There is another hope: hope that tomorrow will be better than yesterday. Yesterday is already gone and it did not bring the desired paradise. Today is not ended yet and even if today ends like yesterday, Hope is that tomorrow will be better than yesterday.
This second hope is what the author, now President of the Federal Republic of Nigeria has. “I see Hope” that tomorrow will be better than our yester years. This by itself is not a bad idea. It is in the final analysis, true that once there is life, there will always be hope. Whether a “She” Hope or an Uncle Hope, there will always be Hope. However, the reality of the Nigerian populace does not need to see hope, they need Uncle Hope! There must be a more liberalised economic policy such that the market is more flexible than what it is; more operators in the economic enterpreneuralship so that there could be more job opportunities and hope for a better power motivation. It is good to protect the local industries and farmers from the fears of globalisation and direct foreign investments. However, unless the numerous governments’ policy initiatives such as SMIES, bank of commerce and industry, micro-credit facilities are transformed beyond the paper work into practical Uncle Hope, the president will merely see Hope until his vision is blurred. No one wants to see Hope if they can afford to look away. The roadside mechanic, the vulcaniser, the groundnut sellers, the shoe makers, the traders, the market women, all who need perhaps NGN50, 000 loan to improve their enterprenuralship need not see hope, they want Uncle Hope. Uncle Hope they can touch, they can feel; Hope which is “out of our dreams and into our lives”.

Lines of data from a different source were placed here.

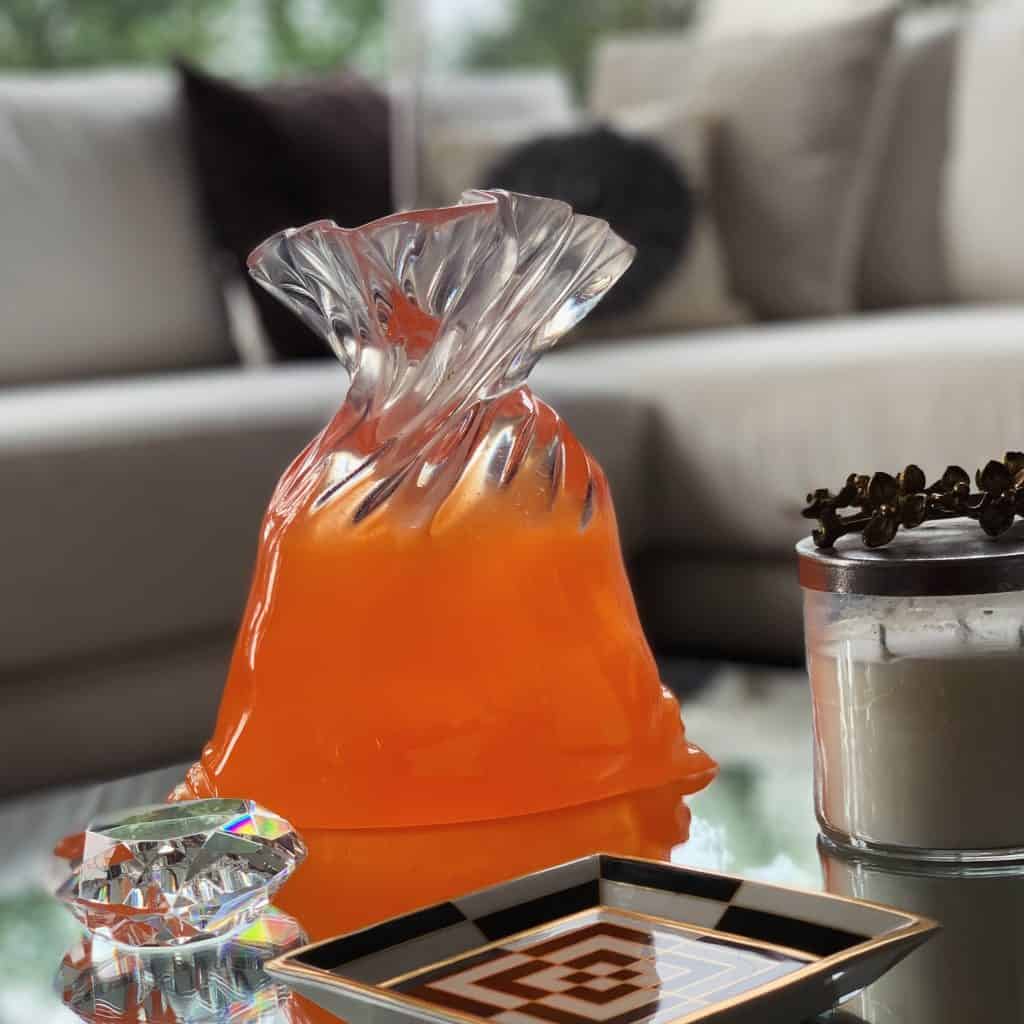 Jarrón de cristal con florero de vidrio en color anaranjado, decorativo y elegante, en un ambiente moderno y luminoso, ideal para la decoración del hogar o la oficina.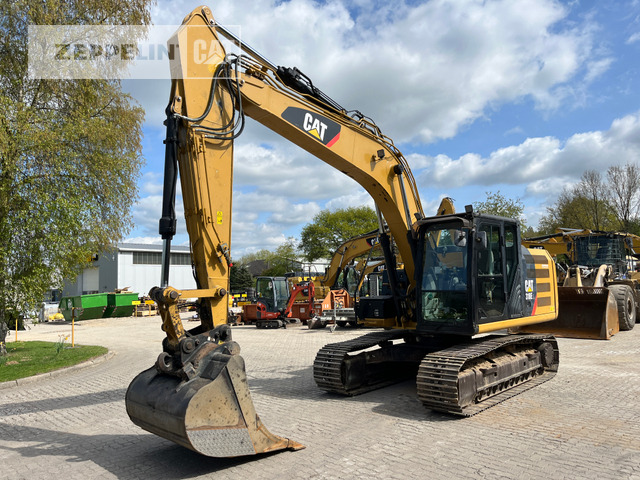 Cat 318EL - Kāpurķēžu ekskavators: foto 1 Cat 318EL - Kāpurķēžu ekskavators: foto 1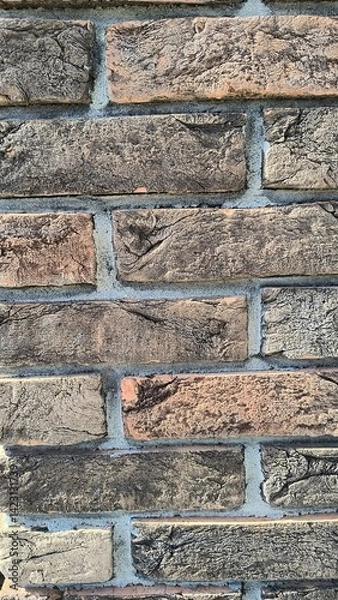 Obraz Textured brick wall showcases earthy tones and unique patterns in urban setting
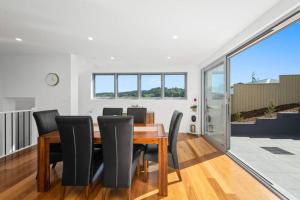 a dining room with a wooden table and black chairs at Brand new house, amazing views, walk to the beach! in Kiama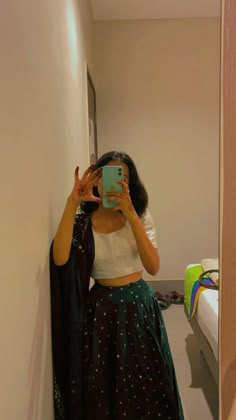 a woman taking a selfie while wearing a skirt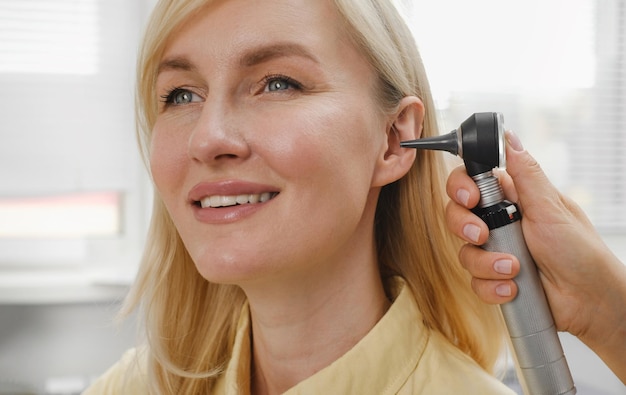 Patient having checkup of hearing at doctor otolaryngologist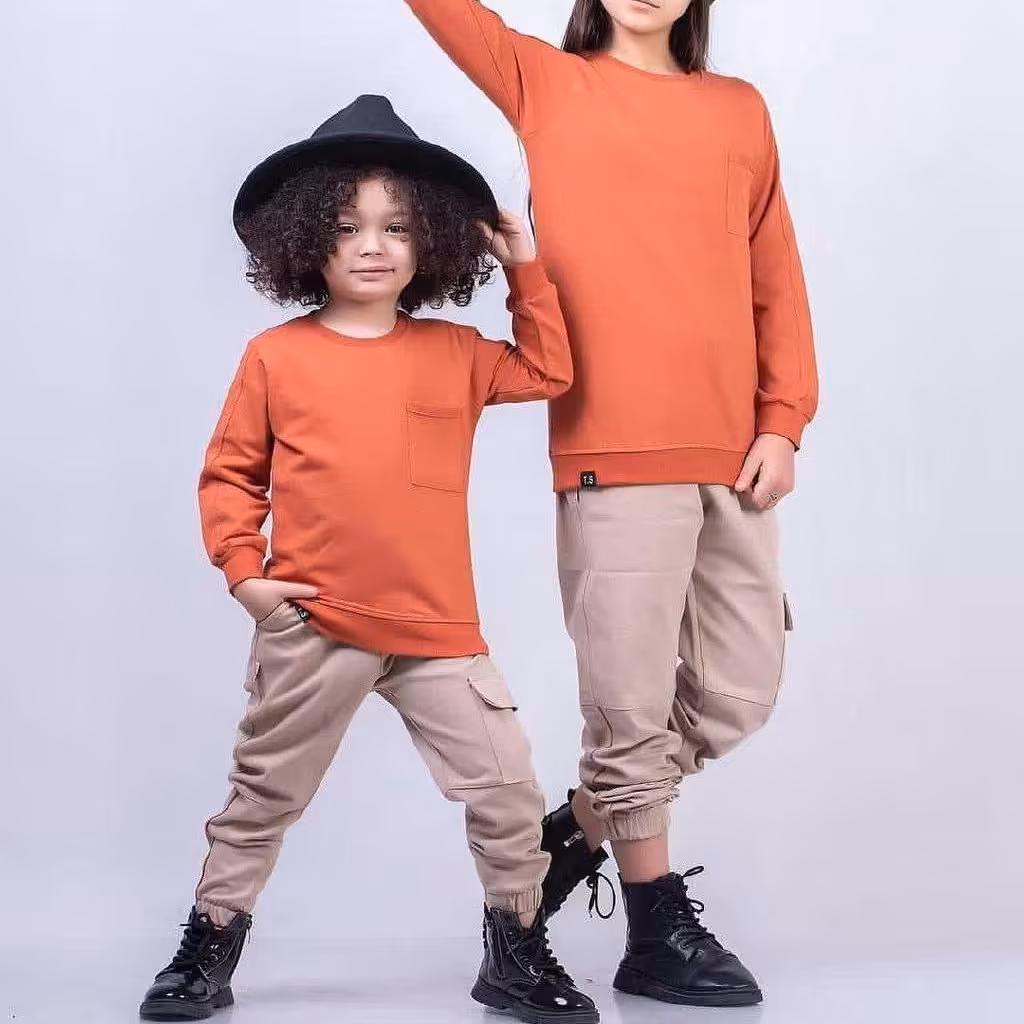 ست بلوز و شلوار اسپورت خواهر برادری کیفیت تضمینی جنس بلوز  دورس جنس شلوار کتان رنگبندی متنوع و زیبا مناسب 4 تا 10 سال 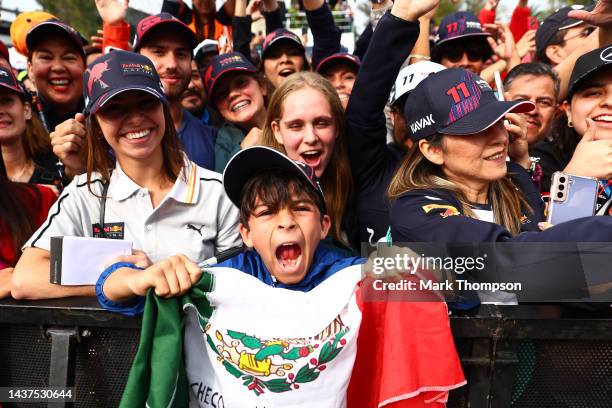 Sergio Perez of Mexico and Oracle Red Bull Racing fans show their support at the fan stage prior to final practice ahead of the F1 Grand Prix of...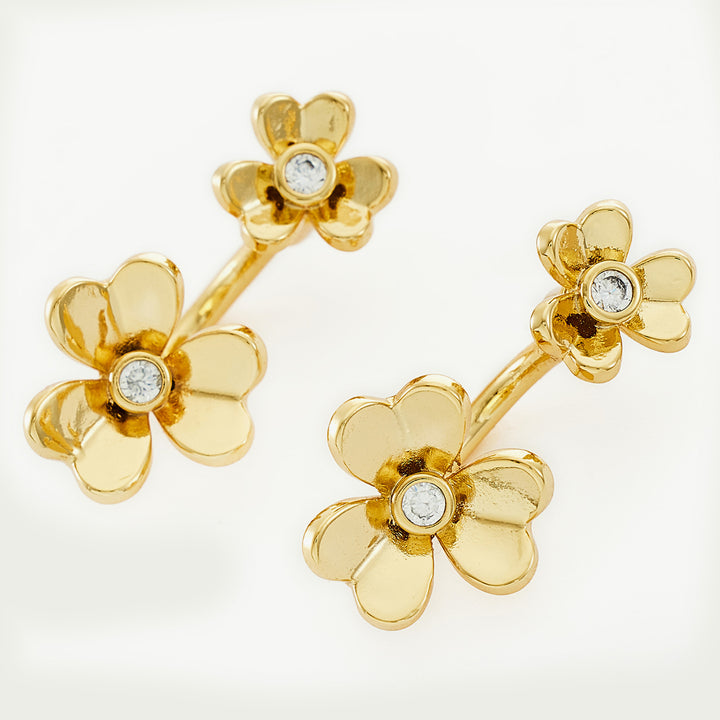 Double Flowers Charm Hoop Earrings, whimsically designed with dual flower charms, creating a playful and enchanting accessory.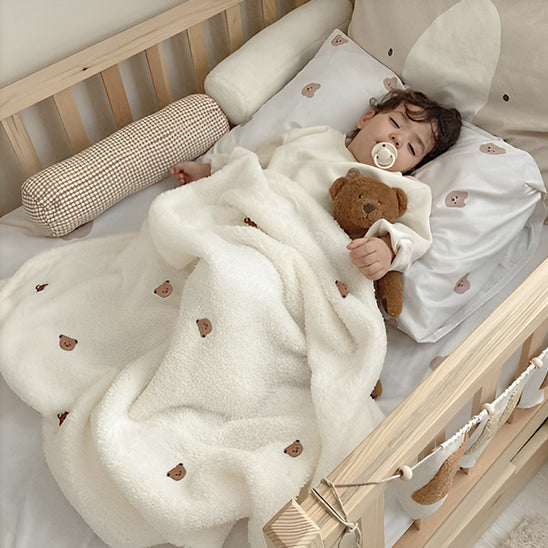 Enfant endormi avec sa couverture polaire et son ourson.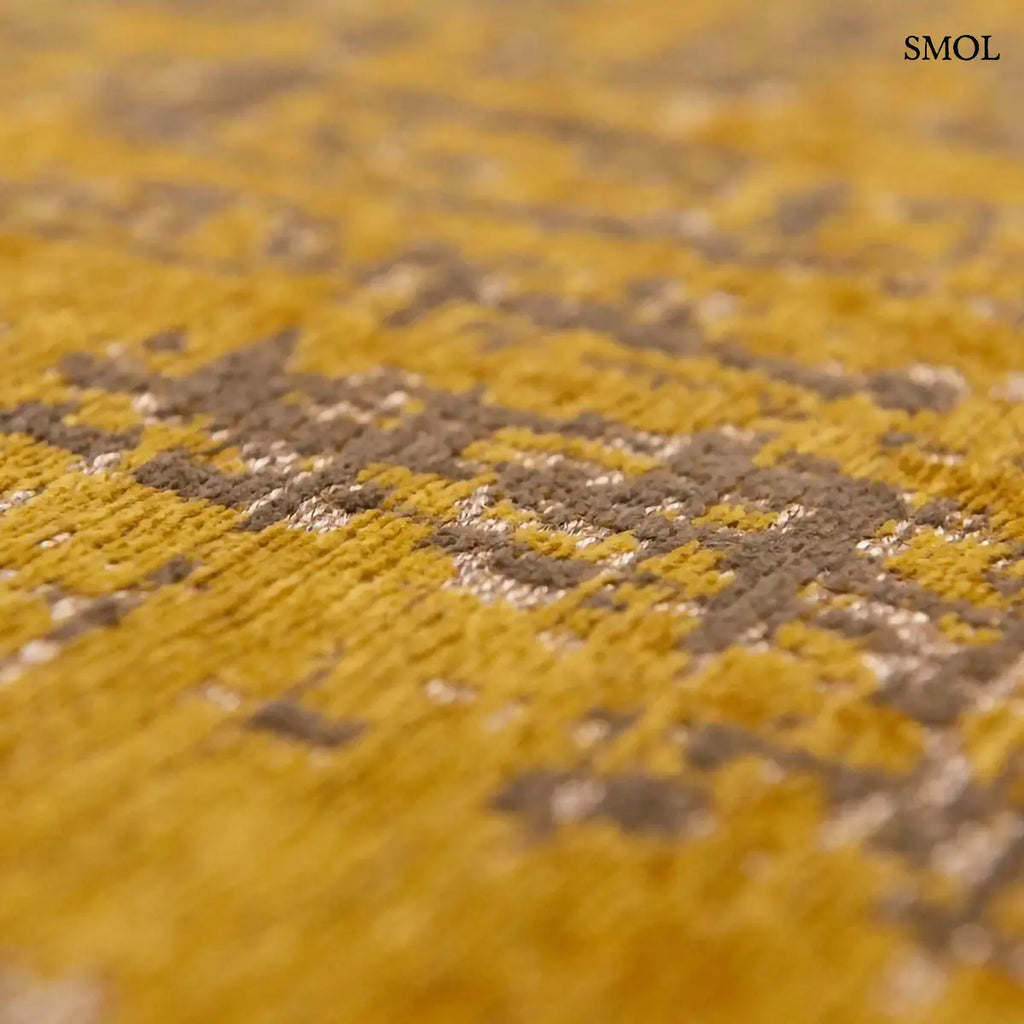 ECO RUG LIBERTY GOLD szőnyeg, aranyszín alapon sötétbarna és fekete festékszerű vonalakkal, action painting hatású mintázattal, textúra nagyítva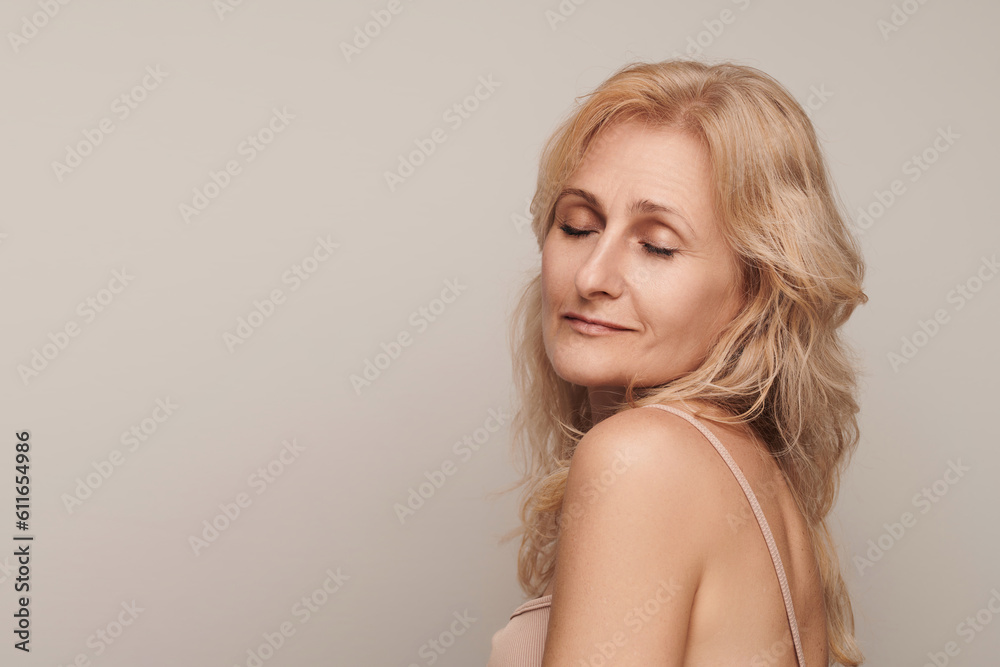 Beautiful blond middle aged woman smiling face closed eyes portrait. Elegant mature lady no makeup 50 years old close-up isolated on white. Women's health, cosmetology, skin care Beautiful blond middle aged woman smiling face closed eyes portrait. Elegant mature lady no makeup 50 years old close-up isolated on white. Women's health, cosmetology, skin care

But opening up the market for more investors, both locally and internationally is, in itself, not the El Dorado, it is only one of the necessary items within the network of other initiatives such as a sound Rule of Law, Human and Property Rights and a more Liberal Democracy. A transparent Rule of Law will guarantee speedy access to Justice, make the Nigerian Police a public servant rather than public nuisance, allow the due process of the law to accuse and any business conglomerates who are acting contrary to trade and investment agreements. Rule of Law will put the parliament in check of the executives and not a mere camouflage of the president’s extended office because of the One-Party scenario that we find ourselves under the PDP-led government. A more decentralised democracy will bring government closer to the people, guarantees popular participation, enhance peace and stability and most importantly, promote easy and quick access to justice. In the final analysis, peace is not only the absence of war or conflict; peace is also the presence of justice! If the president is not merely using “I see Hope” as a political campaign to win election, then he must follow the footsteps of his predecessors who had, in the past, seen the same hope. Martin Luther King Jr. saw hope; he had a dream, but every step he took until he bowed out, was towards taking the Dream out of his illusions into reality. The one million-man march, the Montgomery bus
standoff, the civil cases in courts and the mass protests were towards bringing the dream closer to Uncle Hope. One 4- year term had gone by. The Nigerian peoples had once again invested their hopes in a re-election. Now, President Olusegun Obasanjo ought to know that “I see Hope” must, before he leaves the office get closer to Uncle Hope otherwise, we will be back to where we started; hopeless and frustrated.
However, is Hope outrightly hopeless? It cannot be so! The joy of life is also in the faith that there is a hope somewhere to keep life going. There is need to be alive and to have Hope that tomorrow will be better than the previous days.